Coroner reviews cases of unidentified human remains for links to rez schools

By Maan Alhmidi

The office of Ontario’s chief coroner is embarking on a review of unidentified human remains found in the last four decades to determine if any are linked to former residential schools.

Dr. Dirk Huyer said that in many cases, his office has not fully investigated human remains when they are deemed to be more than 50 years old.

Huyer said he’s been reconsidering that approach and now recognizes that his office may have missed identifying graves linked to residential schools in the province.

“Burials that may have occurred within the residential school period of time could be many years old,” he said in an interview Tuesday.

“We are going to look back into our files to see if there are cases … that are at or near residential schools.”

He said the finding of unmarked graves near or at residential school sites across Canada earlier this year played a part in the decision to revisit old files.

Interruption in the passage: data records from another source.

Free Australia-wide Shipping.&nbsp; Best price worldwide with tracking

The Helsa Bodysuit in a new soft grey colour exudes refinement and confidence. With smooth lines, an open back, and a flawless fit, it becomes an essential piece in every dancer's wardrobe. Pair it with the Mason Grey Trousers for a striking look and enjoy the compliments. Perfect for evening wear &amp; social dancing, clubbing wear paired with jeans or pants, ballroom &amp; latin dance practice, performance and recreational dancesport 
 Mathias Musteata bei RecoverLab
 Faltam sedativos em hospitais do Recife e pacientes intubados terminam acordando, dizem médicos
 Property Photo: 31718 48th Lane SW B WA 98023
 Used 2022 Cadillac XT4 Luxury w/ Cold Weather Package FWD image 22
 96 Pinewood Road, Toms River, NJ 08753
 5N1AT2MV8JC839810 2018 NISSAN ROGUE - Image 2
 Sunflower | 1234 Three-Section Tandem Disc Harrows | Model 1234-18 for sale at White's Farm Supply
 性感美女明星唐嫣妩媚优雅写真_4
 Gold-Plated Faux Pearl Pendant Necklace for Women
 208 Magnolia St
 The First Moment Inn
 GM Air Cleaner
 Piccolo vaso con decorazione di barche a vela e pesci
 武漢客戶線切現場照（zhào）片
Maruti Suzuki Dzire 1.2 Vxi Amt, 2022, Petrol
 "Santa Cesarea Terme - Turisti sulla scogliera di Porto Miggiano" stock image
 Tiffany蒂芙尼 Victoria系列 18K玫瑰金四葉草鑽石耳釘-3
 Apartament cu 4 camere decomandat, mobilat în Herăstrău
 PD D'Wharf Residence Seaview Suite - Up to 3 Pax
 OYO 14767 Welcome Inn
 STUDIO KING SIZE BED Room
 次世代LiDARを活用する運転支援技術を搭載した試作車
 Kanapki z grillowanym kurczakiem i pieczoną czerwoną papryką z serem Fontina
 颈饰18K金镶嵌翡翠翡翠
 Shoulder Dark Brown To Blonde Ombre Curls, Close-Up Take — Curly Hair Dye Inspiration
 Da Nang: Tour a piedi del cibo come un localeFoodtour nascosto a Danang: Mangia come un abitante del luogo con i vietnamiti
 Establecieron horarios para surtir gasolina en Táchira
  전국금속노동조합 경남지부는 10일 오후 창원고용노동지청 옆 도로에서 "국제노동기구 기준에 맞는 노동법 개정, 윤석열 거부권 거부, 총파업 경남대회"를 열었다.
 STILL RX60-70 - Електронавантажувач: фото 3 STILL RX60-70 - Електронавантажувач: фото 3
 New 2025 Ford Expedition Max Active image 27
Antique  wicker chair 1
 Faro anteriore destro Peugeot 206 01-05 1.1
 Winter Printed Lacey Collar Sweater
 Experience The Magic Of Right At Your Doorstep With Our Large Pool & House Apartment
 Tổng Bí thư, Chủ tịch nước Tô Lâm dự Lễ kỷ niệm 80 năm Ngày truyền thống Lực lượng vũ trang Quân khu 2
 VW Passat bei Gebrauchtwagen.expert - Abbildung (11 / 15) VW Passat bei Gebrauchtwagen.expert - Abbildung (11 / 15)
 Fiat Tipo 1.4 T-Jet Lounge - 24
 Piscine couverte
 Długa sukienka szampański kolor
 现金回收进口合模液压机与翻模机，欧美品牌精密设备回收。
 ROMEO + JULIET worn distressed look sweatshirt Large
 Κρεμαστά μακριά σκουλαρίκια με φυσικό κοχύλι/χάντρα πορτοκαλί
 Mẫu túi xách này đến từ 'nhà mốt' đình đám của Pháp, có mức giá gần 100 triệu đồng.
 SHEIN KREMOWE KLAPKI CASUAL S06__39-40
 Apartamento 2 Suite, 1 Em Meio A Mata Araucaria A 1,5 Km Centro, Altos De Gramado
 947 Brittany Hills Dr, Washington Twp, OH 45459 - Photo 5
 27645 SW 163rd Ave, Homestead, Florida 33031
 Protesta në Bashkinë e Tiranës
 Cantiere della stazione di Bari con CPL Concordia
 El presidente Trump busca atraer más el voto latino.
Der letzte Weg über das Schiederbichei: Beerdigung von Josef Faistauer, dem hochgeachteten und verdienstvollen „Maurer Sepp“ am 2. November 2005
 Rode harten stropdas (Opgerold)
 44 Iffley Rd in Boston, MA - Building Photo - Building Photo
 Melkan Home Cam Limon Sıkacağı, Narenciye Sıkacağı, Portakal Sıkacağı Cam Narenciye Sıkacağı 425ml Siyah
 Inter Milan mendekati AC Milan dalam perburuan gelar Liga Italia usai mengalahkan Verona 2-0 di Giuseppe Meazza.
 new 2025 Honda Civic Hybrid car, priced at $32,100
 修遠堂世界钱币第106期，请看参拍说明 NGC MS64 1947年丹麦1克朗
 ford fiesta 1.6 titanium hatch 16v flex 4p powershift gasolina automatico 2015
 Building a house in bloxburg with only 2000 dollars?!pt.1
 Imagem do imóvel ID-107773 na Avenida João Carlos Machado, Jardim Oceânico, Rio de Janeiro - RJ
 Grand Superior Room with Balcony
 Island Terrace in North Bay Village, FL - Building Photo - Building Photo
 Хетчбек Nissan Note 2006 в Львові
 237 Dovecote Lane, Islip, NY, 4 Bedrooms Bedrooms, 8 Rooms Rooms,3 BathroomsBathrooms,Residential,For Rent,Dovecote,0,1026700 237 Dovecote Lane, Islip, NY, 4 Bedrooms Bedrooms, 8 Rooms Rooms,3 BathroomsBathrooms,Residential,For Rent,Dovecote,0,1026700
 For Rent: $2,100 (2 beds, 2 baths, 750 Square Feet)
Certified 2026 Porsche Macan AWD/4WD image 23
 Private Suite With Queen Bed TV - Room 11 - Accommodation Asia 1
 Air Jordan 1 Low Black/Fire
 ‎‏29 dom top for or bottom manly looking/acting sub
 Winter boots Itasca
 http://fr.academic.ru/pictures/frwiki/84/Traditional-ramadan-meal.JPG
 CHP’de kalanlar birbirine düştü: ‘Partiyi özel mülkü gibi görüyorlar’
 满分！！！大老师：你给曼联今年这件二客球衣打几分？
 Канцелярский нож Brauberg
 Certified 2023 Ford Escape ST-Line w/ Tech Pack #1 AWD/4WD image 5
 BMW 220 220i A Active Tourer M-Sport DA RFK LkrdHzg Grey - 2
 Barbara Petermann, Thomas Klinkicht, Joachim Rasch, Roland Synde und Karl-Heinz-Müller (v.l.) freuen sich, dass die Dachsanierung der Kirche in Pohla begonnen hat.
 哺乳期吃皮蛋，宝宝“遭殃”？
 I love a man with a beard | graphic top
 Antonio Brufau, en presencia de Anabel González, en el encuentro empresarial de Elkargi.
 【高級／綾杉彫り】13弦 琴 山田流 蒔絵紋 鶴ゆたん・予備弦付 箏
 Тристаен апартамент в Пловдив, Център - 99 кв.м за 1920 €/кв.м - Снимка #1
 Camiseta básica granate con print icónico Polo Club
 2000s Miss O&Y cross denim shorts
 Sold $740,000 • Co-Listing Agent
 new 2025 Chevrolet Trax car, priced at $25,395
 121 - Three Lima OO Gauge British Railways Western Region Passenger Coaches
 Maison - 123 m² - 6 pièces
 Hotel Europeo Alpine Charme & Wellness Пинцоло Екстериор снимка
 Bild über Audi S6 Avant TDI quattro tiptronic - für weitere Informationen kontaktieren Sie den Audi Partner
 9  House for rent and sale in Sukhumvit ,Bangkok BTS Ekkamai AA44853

“This summer, significant focus returned to that topic in what I believe is a national way, in a very significant way,” he said.

Huyer said a team from his office will be examining findings that go back to the 1980s to determine if further investigation is required in any of the cases.

He said the team will also look for cases where an Indigenous child could have been buried outside grave sites near residential schools.

Remains of a child under the age of 14 were discovered near the Mohawk Institute Residential School in Brantford, Ont., in August of last year.

On Saturday, Brantford police said the remains are “not modern and do not have any forensic value” and added that no further investigation would be conducted by their officers.

Huyer said he has been working with the Six Nations of the Grand River First Nation and their Survivors Secretariat on the Brantford finding.

In May, a First Nation in Kamloops, B.C., announced that ground-penetrating radar had detected what are believed to be the remains of 215 Indigenous children in unmarked graves at the site of a former residential school.

Cowessess First Nation in Saskatchewan revealed a similar finding of more than 700 unmarked graves a month later.

Ontario has committed to spending $10 million over three years to identify, investigate and commemorate burial sites on the grounds of former residential schools in the province.

The funds will also go toward culturally appropriate supports for school survivors, their families and communities, and the entire process will be Indigenous-led.

The National Truth and Reconciliation Commission identified 12 locations of unmarked burial sites in Ontario. The province said there are likely more.

The final report from that commission detailed mistreatment at Canada’s residential schools, including emotional, physical and sexual abuse, and more than 4,000 deaths at the institutions.

It reported known deaths of 426 children who attended schools in Ontario and an unknown number of children still missing.